Question

Can someone help me find derivative/tangent line?

Answer 1

I found the derivative of \[\sqrt{x}\] to be \[\frac{ 1 }{ 2x ^{1/2} }\]

Then, when asked to find the tangent line at (9,3), I got the equation: y=1/6x+3/2. I was then asked to find all values of x such that the slope is 1/4.

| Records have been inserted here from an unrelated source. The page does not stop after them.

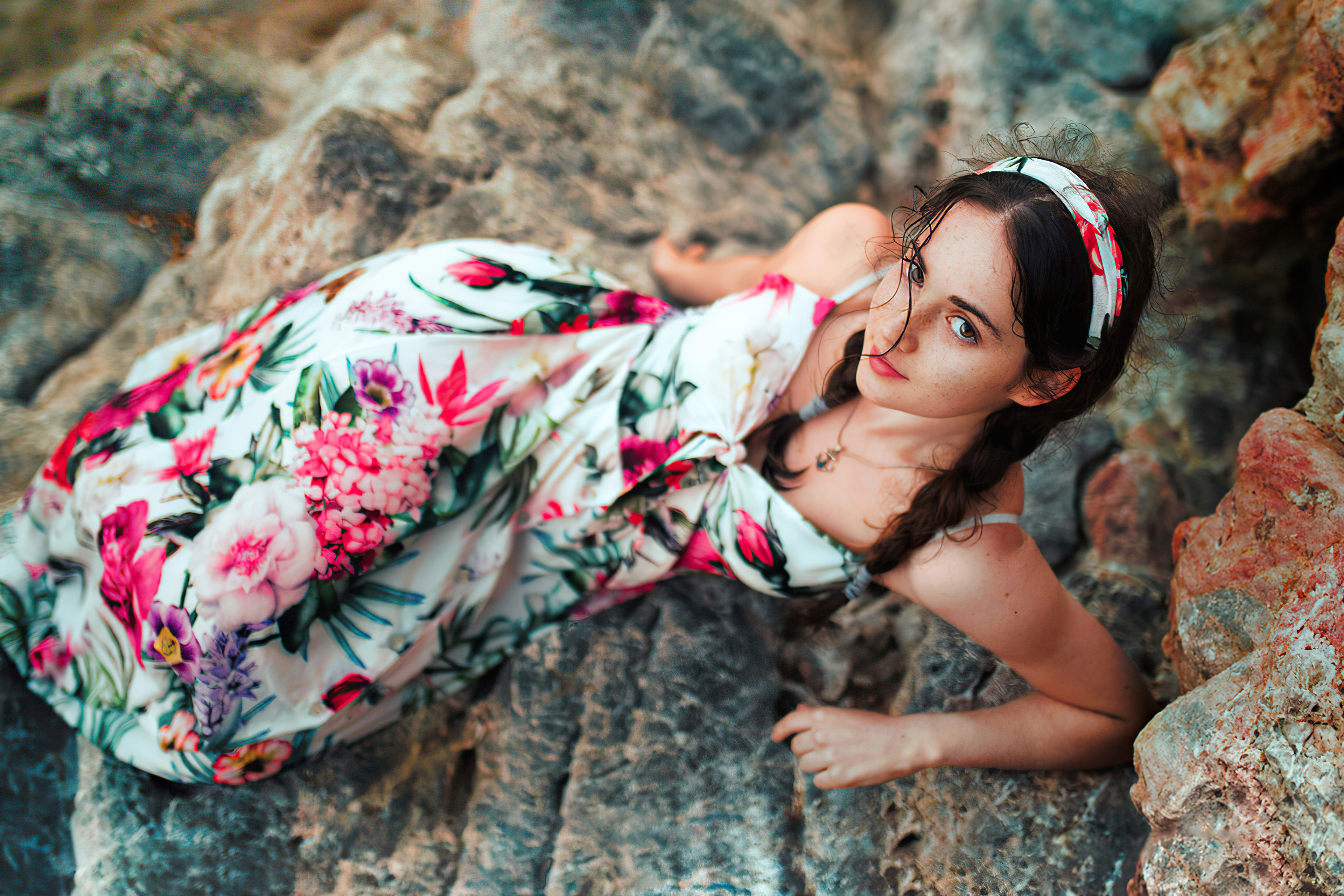 Girl in floral dress lying on rocks HD Wallpaper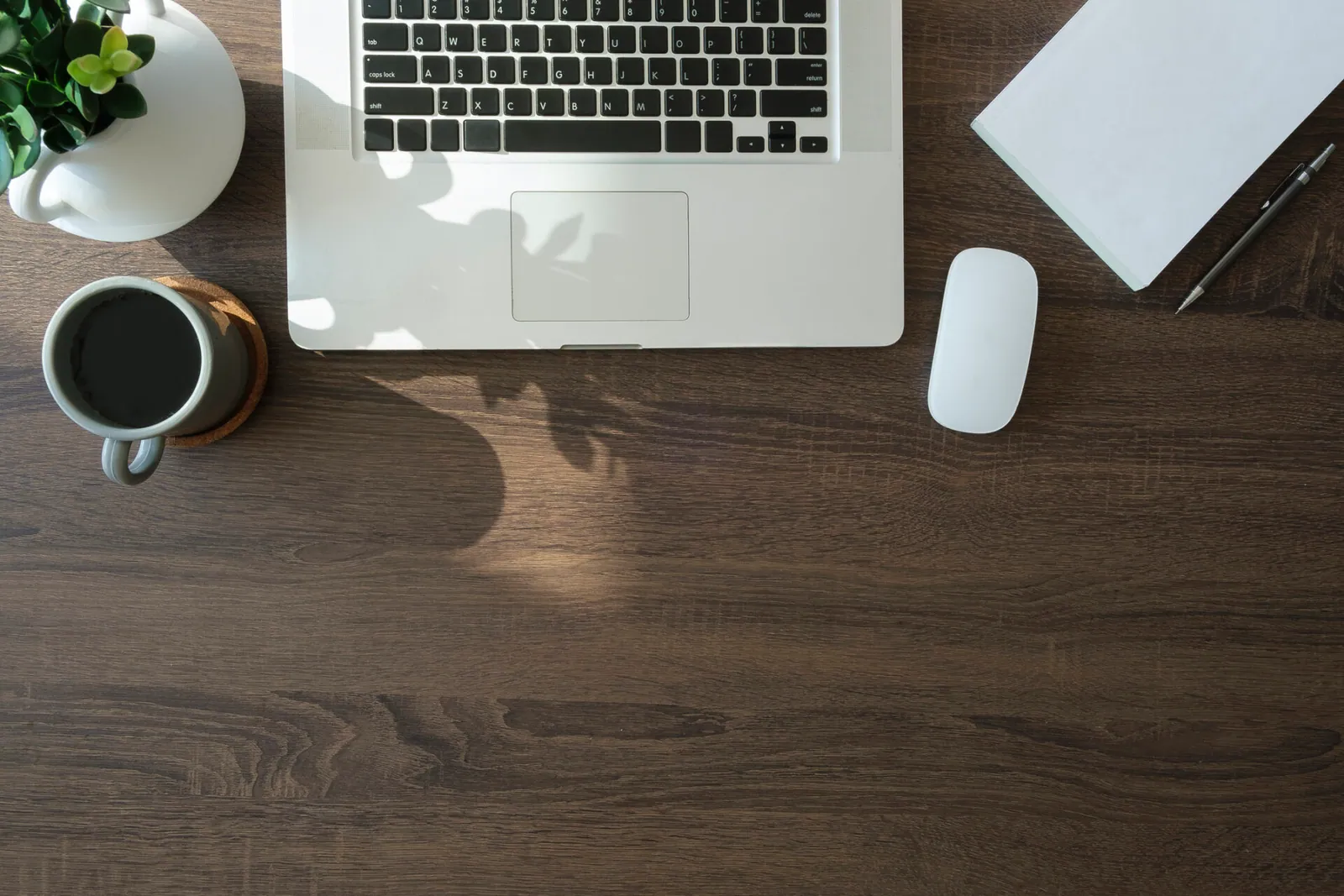 Desk with laptop, coffee, and planning notes for a website project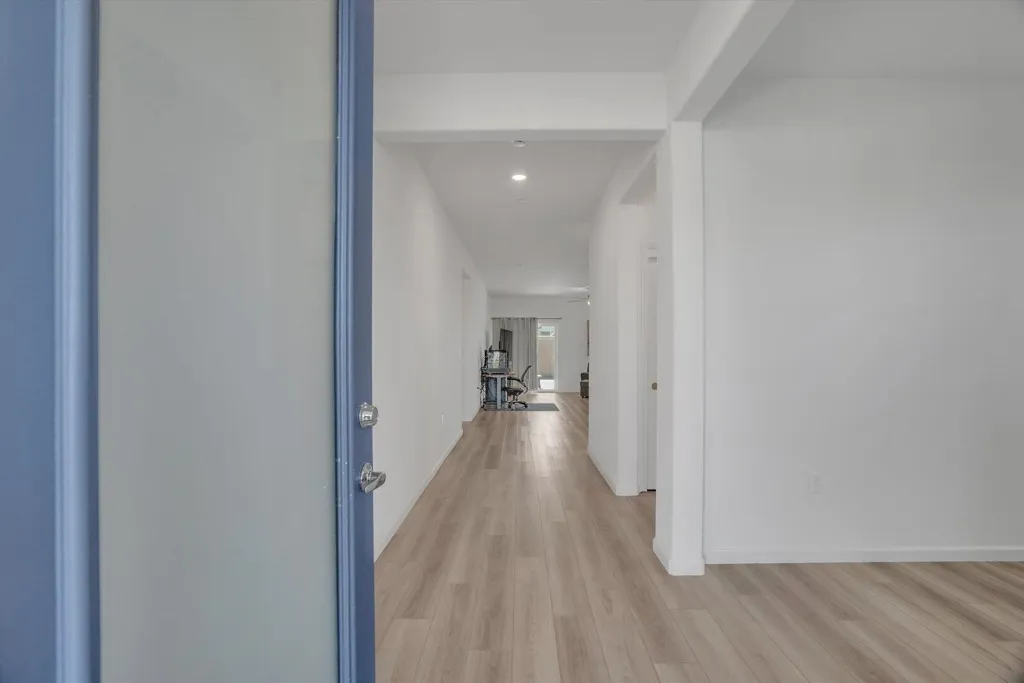 hall with light wood finished floors and recessed lighting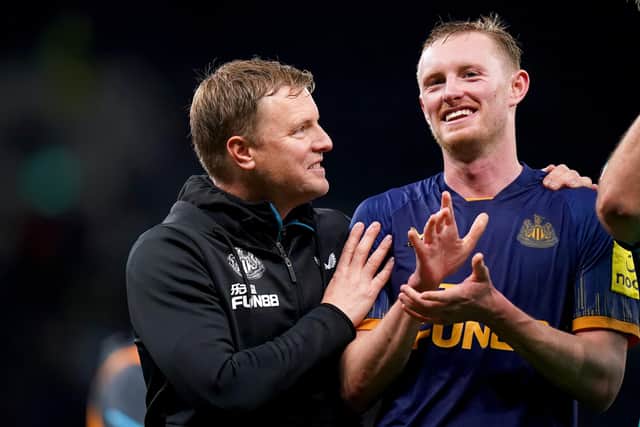 Newcastle United head coach Eddie Howe celebrates this month's win over Tottenham Hotspur with Sean Longstaff.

Am I doing the derivative/tangent line right? and if so, how would I compute all values of x such that the slope is 1/4?

Answer 2

http://www.dummies.com/how-to/content/how-to-find-the-derivative-of-a-line.html

Answer 3

check that out. it even helped me

Answer 4

Thanks, will check it out!

Answer 5

np :)

Answer 6

I calculated the value 4 as a x-value with a slope of 1/4... would that work?

Answer 7

yes. you want m= 1/4. you found
\[ \text{slope } m = \frac{1}{2 \sqrt{x}} \\
\frac{1}{2 \sqrt{x}}= \frac{1}{4} \\
2 \sqrt{x}= 4\\
\sqrt{x}= 2\\
x = 2^2 = 4
\]

Answer 8

Here is a graph of y= sqr(x) and the tangent line (with slope = 0.25 = 1/4)

Answer 9

Thank you so much!